Supplied information Block Start
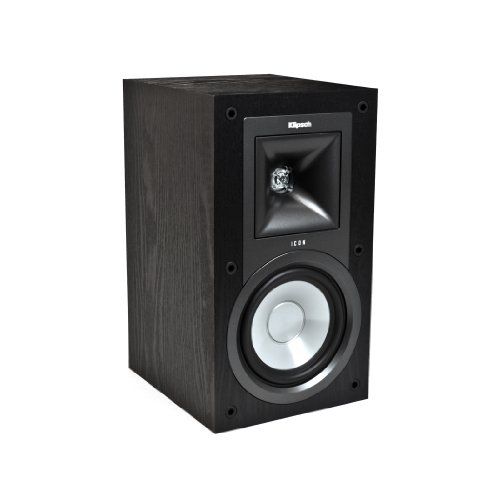 클립쉬 Klipsch KB 15 Icon 5 1/4 Inch 2 Way Bookshelf Speakers (Black Ash, Set of 2)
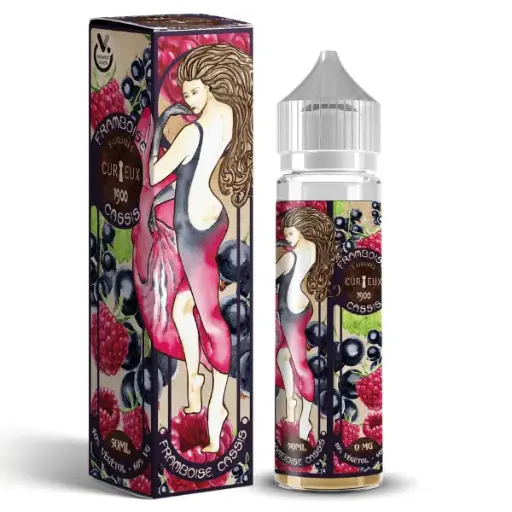 [EL-CURIEUX-FRAMBOISE-CASSIS-50ML] E-Liquide Framboise Cassis 50ml - Curieux 1900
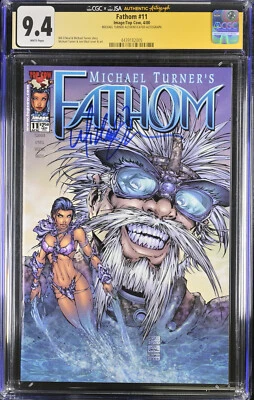 FATHOM #11 (2000) - CGC GRADE 9.4 - MICHAEL TURNER SIGNED IMAGE COMICS! - Image 1 of 2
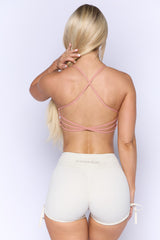 Dusty Pink Open Bust Sports Bra
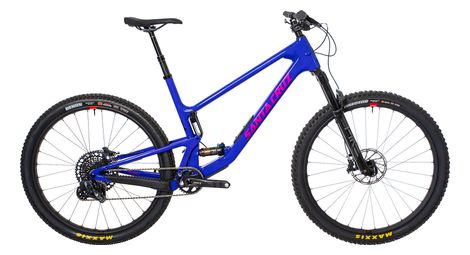 Producto renovado - santa cruz tallboy5 carbon cc bicicleta todo terreno sram x01/gx eagle axs 12v 29'' ultra azul 2023 xxl / 193-201 cm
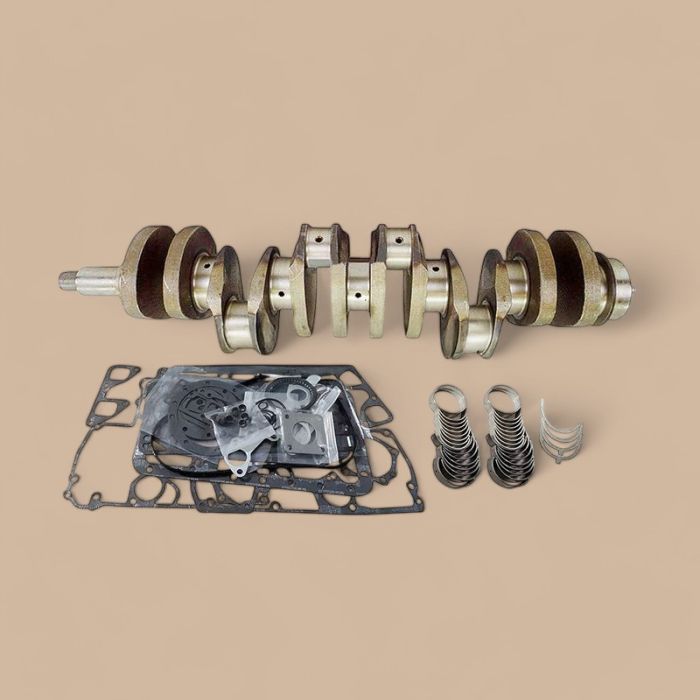 Caterpillar Crankshaft & Bearing & Thrust Washer & Gasket Kit Compatible for Caterpillar CAT Engine 3046 3046T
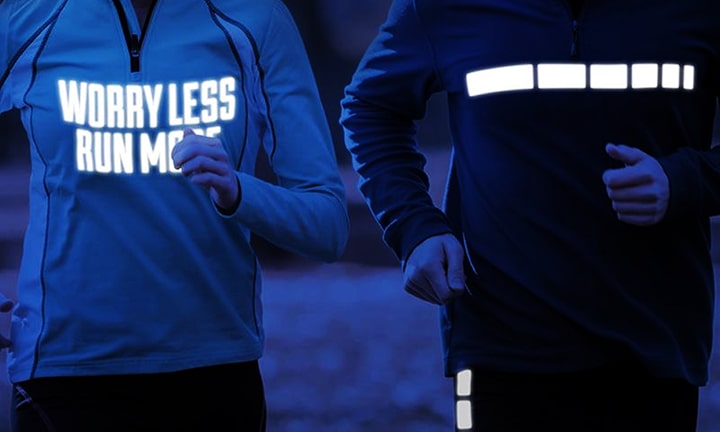 reflective HTV logo jacket night running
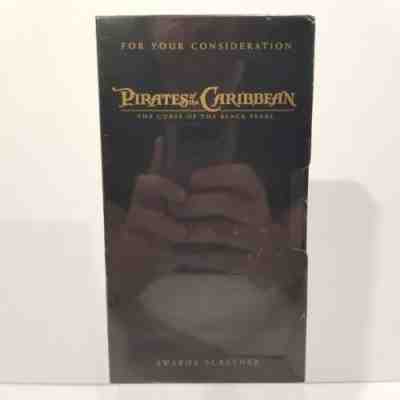 Pirates of Caribbean Curse Pearl VHS Disney SEALED Watermark FYC Awards Screener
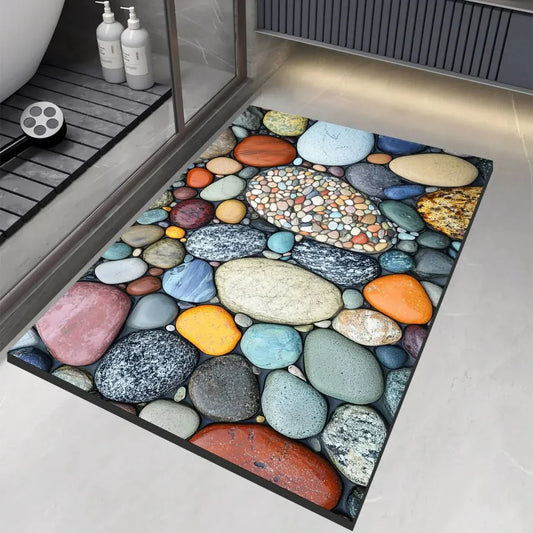 Fast-Drying Non-Slip Bath Mat - Modern Minimalist Design - view 2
Supplied information Block End
◆ Work to be completed
All entries are to be duplicated exactly, with the pictures left out.

◆ Response area
 클립쉬 Klipsch KB 15 Icon 5 1/4 Inch 2 Way Bookshelf Speakers (Black Ash, Set of 2)
 [EL-CURIEUX-FRAMBOISE-CASSIS-50ML] E-Liquide Framboise Cassis 50ml - Curieux 1900
 FATHOM #11 (2000) - CGC GRADE 9.4 - MICHAEL TURNER SIGNED IMAGE COMICS! - Image 1 of 2
 Dusty Pink Open Bust Sports Bra
 Producto renovado - santa cruz tallboy5 carbon cc bicicleta todo terreno sram x01/gx eagle axs 12v 29'' ultra azul 2023 xxl / 193-201 cm
 Caterpillar Crankshaft & Bearing & Thrust Washer & Gasket Kit Compatible for Caterpillar CAT Engine 3046 3046T
 reflective HTV logo jacket night running
 Pirates of Caribbean Curse Pearl VHS Disney SEALED Watermark FYC Awards Screener
 Fast-Drying Non-Slip Bath Mat - Modern Minimalist Design - view 2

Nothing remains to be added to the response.